How are we to value peoples’ rights to withhold their consent to have the land used in ways they oppose? What is the correct “price” for such considerations? How far can we press the logic of Kelo v. New London in expanding the notion of “public purpose”?
Markets can’t answer this question; it’s a property rights problem. If property rights are not clearly specified, markets fail. That may not be the fault of markets per se, and rather reflect government failure, but it’s a failure nonetheless. How can we “get prices right”?
More generally, how are we to adjudicate disputes about the prices for DAPL? Eminent domain always suppresses the price mechanism, and substitutes coercion and “expertise.” The reason that prices give accurate information about scarcity is that markets aggregate many pieces of information from dispersed sources.
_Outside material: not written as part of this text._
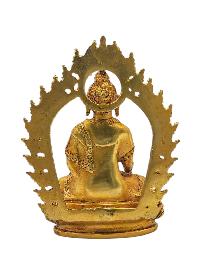 [shakyamuni Buddha], Buddhist Miniature Statue, [full Gold Plated]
No expert could possibly substitute his or her judgment for that process. The subjective value of the use of land, in the form of the price owners are willing to charge to sell or rent use of the land, is (or should be) a key element of the decision whether, and where, to build the pipeline.

Conclusion

All of this raises an important question: do the economic facts on the ground tell us that DAPL should be built? I’m afraid I don’t know. The more I learn, the less sure I am of the answer. Still, if we can move our debates in that direction of getting prices right, at least we will be asking the right questions.